A scale whose interval vector has six unique digits is said to have the deep scale property. Major, natural minor and modal scales have this property.
For a practical example, the interval vector for a C major triad in the root position, {C E G} ( Play ), is <001110>. This means that the set has one major third or minor sixth (i.e. from C to E, or E to C), one minor third or major sixth (i.e. from E to G, or G to E), and one perfect fifth or perfect fourth (i.e. from C to G, or G to C). As the interval vector does not change with transposition or inversion, it belongs to the entire set class, meaning that <001110> is the vector of all major (and minor) triads. However, it should be noted that some interval vectors correspond to more than one sets that cannot be transposed or inverted to produce the other. (These are called Z-related sets, explained below).
For a set of x elements, the sum of all the numbers in the set's interval vector equals (x*(x-1))/2.
While primarily an analytic tool, interval vectors can also be useful for composers, as they quickly show the sound qualities that are created by different collections of pitch class. That is, sets with high concentrations of conventionally dissonant intervals (i.e., seconds and sevenths) generally sound more dissonant, while sets with higher numbers of conventionally consonant intervals (i.e., thirds and sixths) sound more consonant. While the actual perception of consonance and dissonance involves many contextual factors, such as register, an interval vector can nevertheless be a helpful tool.

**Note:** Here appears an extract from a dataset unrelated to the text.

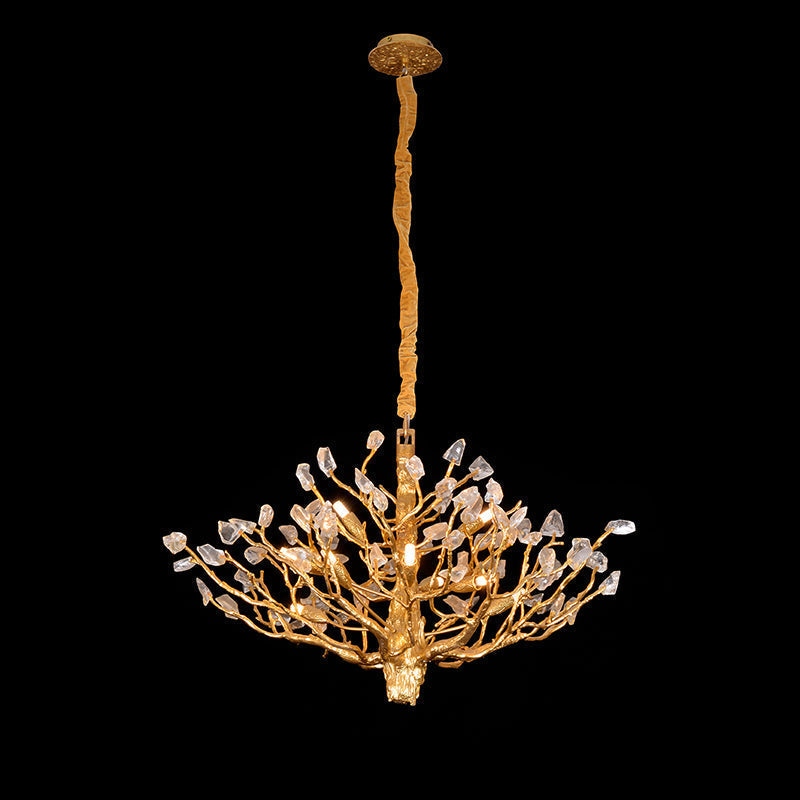 Tree-Shaped Chandelier with Rock Crystal Decorated-Momo Lighting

An expanded form of the interval vector is also used in transformation theory, as set out in David Lewin's Generalized Musical Intervals and Transformations.
Z-relation
In musical set theory, a Z-relation, also called isomeric relation, is a relation between two pitch class sets in which the two sets have the same intervallic content (i.e., they have the same interval vector), but they are of different Tn-type and Tn/TnI-type. That is to say, one set cannot be derived from the other through transposition or inversion.[1] For example, the two sets {0,1,4,6} and {0,1,3,7} have the same interval vector (<1,1,1,1,1,1>) but they are not transpositionally or inversionally related.
In the case of hexachords each may be referred to as a Z-hexachord. Any hexachord not of the "Z" type is its own complement while the complement of a Z-hexachord is its Z-correspondent, for example 6-Z3 and 6-Z36.[2] See: 6-Z44, 6-Z17, 6-Z11, and Forte number.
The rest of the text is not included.